The farm road up to the cottage
Wilma Wishart, Roy's girlfriend at the time, seated on the gate at the bottom of the drive up to the farm house, with Dirk, the dog. 1962. Photo: Roy Slack collection.
"The road up to the house came in at the bottom of the hill. As you can see by the photo, Cec picked up an old Post Office pillar box and it was our mail box. That's Wilma Wishart on the gate. I am not sure what breed that dog is, a border terrier? It was a strange breed, very bristly. Wilma's father was an interesting man. He used to paint the ends of the gables on houses in a special way, to make it look like it was knotted wood."

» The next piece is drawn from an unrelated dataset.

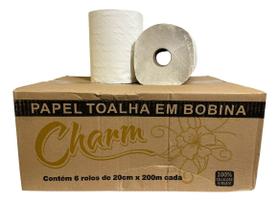Papel Toalha Bobina 100% Celulose Virgem Cxa C/6 200m Charm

"I once stood at the bottom of the hill talking to a water engineer. Our water came up from the bottom of the hill and he was fixing a leak in the tap. I was fascinated about how he could do it without switching off the mains pressure."
"I had a bicycle, a Raleigh with three gears with a dynamo to power the light. I used to take my bicycle down the bottom of the hill and cycle to the bus stop which is about where the intersection is now at the bottom of the hill [Westchester Drive/Middleton Road intersection]. I would then catch the bus into Johnsonville and store my bike in a shed at the north end of the railway station. I remember the shed because I remember Cec pulling some superphosphate bags out of there. I wasn’t involved in the community, as I was busy with study and part time work. I had a nodding acquaintance with the local community on the bus and a girl grazed her horses on the farm."
An interlude
"I stayed in the house for the best part of a year. Near the end of the University year I caught chicken pox and a friend offered me a place in their flat closer to town to convalesce to save my energy and reduce travel time getting up early and cycling to catch the train. The flat was in Kelburn, near the cable car and handy to University. I wasn’t well enough to come back to the house for some time, but I did return at a later time and lived there on my own."

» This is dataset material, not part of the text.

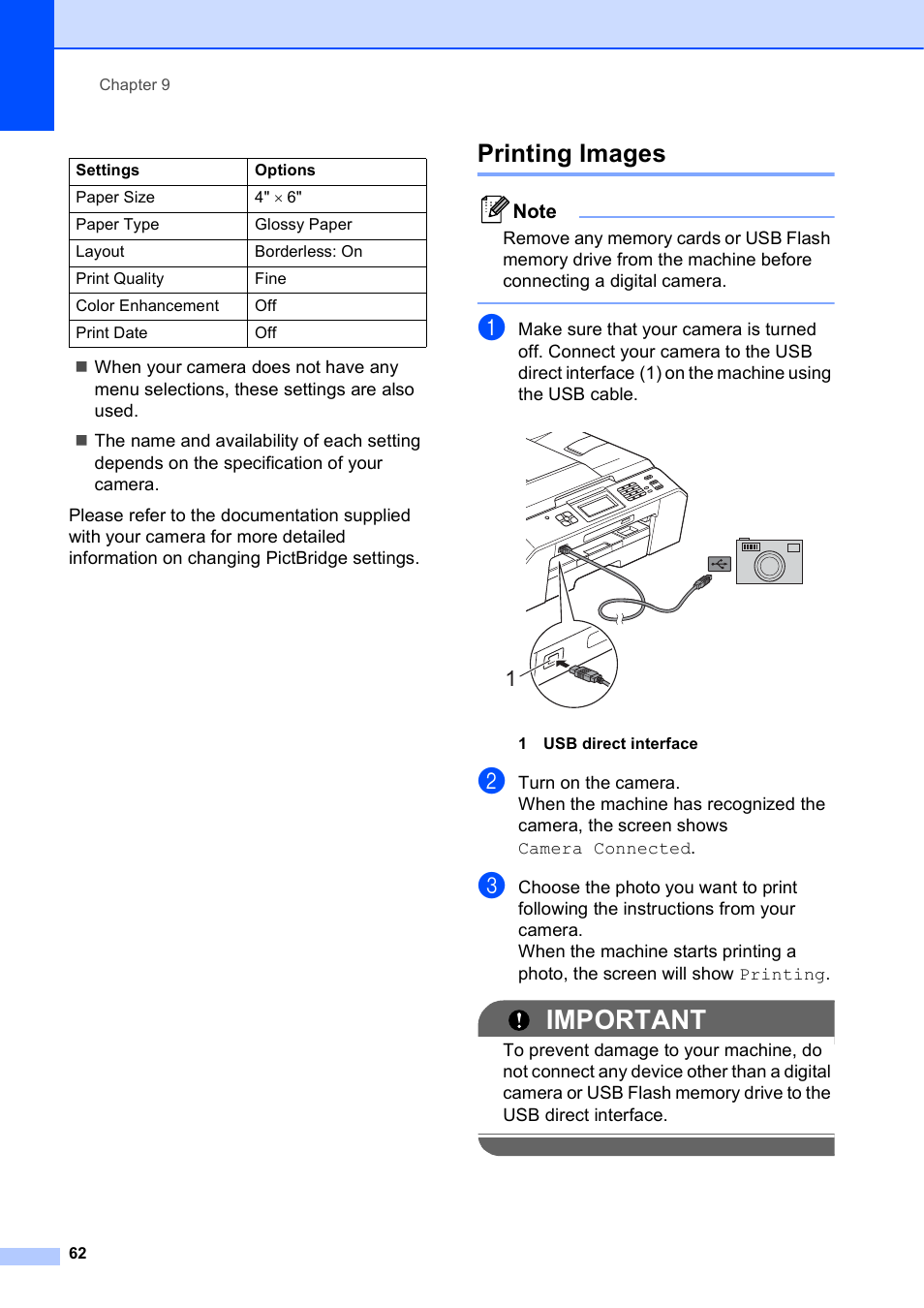 Printing images, Important | Brother MFC J5910DW User Manual | Page 68 / 87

"I finished my two degrees after eight years. I had watched people going ahead of me in work and I thought my degrees would help step me up into a good role in the Forest Service, but the Forest Service said it didn’t work like that and I would have to start at the bottom. As a result I took the first decent job advertised in the public sector and began work in the Education Department. This was the beginning of ‘careering’ through the public service, where I was bonded to work for three years on obtaining my degree."

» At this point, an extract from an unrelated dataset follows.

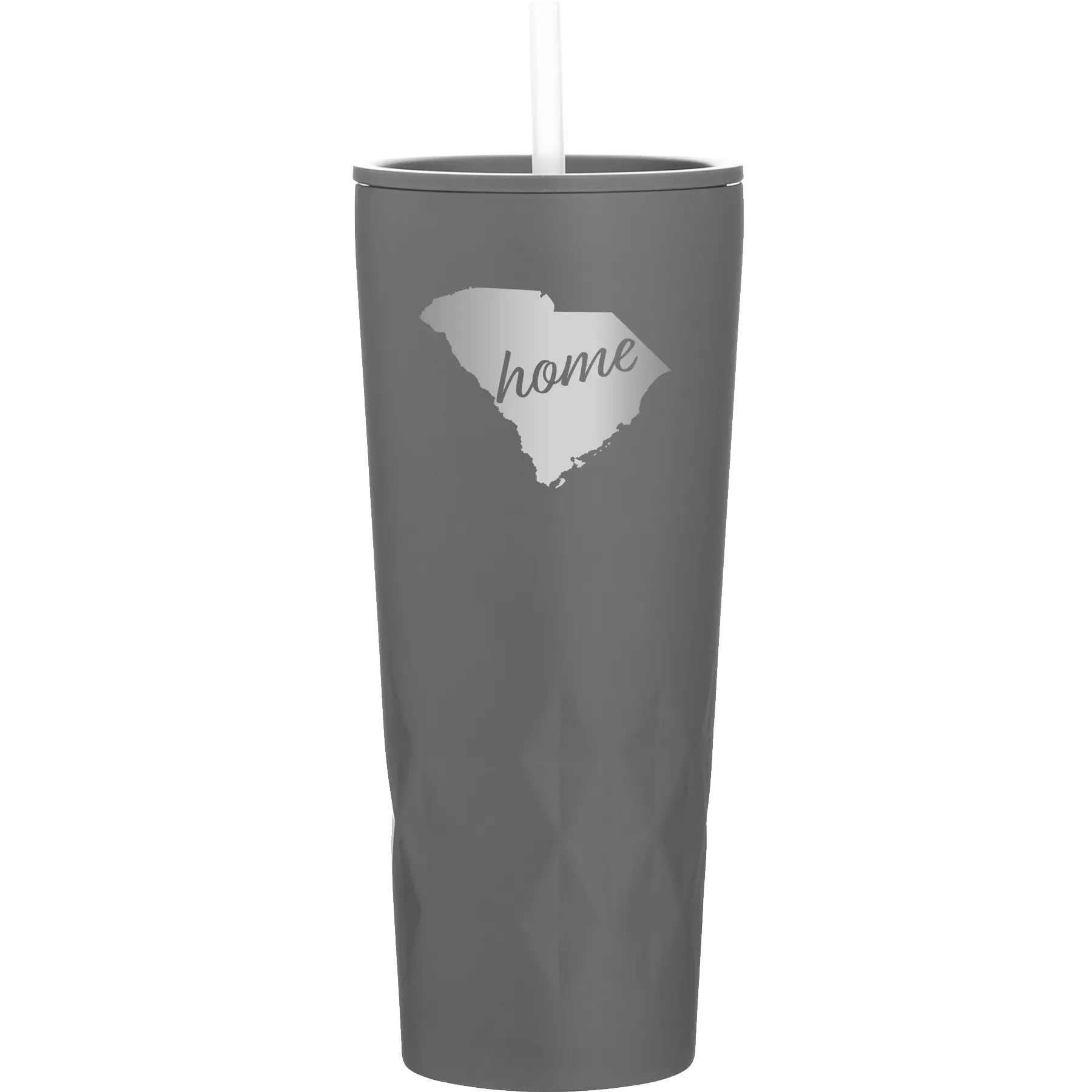 Laser etched slate 20 oz vacuum insulated tumbler with 'South Carolina Home' design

"After I left Cec Mason's farm, I had saved enough money to buy a Ford Anglia from my parents."
A Pauatahanui connection with Glenside
"I now live at Pauatahanui and own two houses adjacent to each other. One of the houses I own there is the site office from the Glenside Railway Camp, and was probably moved there by Edward Goodban, who owned the Pauatahanui land from 1931 to 1964. The land on which the site office was relocated to, is where the Pauatahanui Police house and Station once stood and was formerly part of the Boulton farm."
"The other house, the one Judy and I live in, was relocated from Trafalgar Street in the Hutt. I know this as I had to produce house plans showing the structure of the building before it could be moved from the relocation site to Pauatahanui, so Judy went to the Hutt County Council and obtained a copy of the original architectural drawings. On two occasions people have called by saying they know the house and recognized it from the Hutt – one was my cousin who once lived opposite it and used to visit a friend who lived in it!"
Return to the farm house in Glenside
"After I left Glenside, I didn't return until you invited me back in 2000 and I have been back a few times since then. It's been interesting and has brought back memories. I wasn't lonely living there as a young man on my own. It wasn't challenging and it was a great place to live."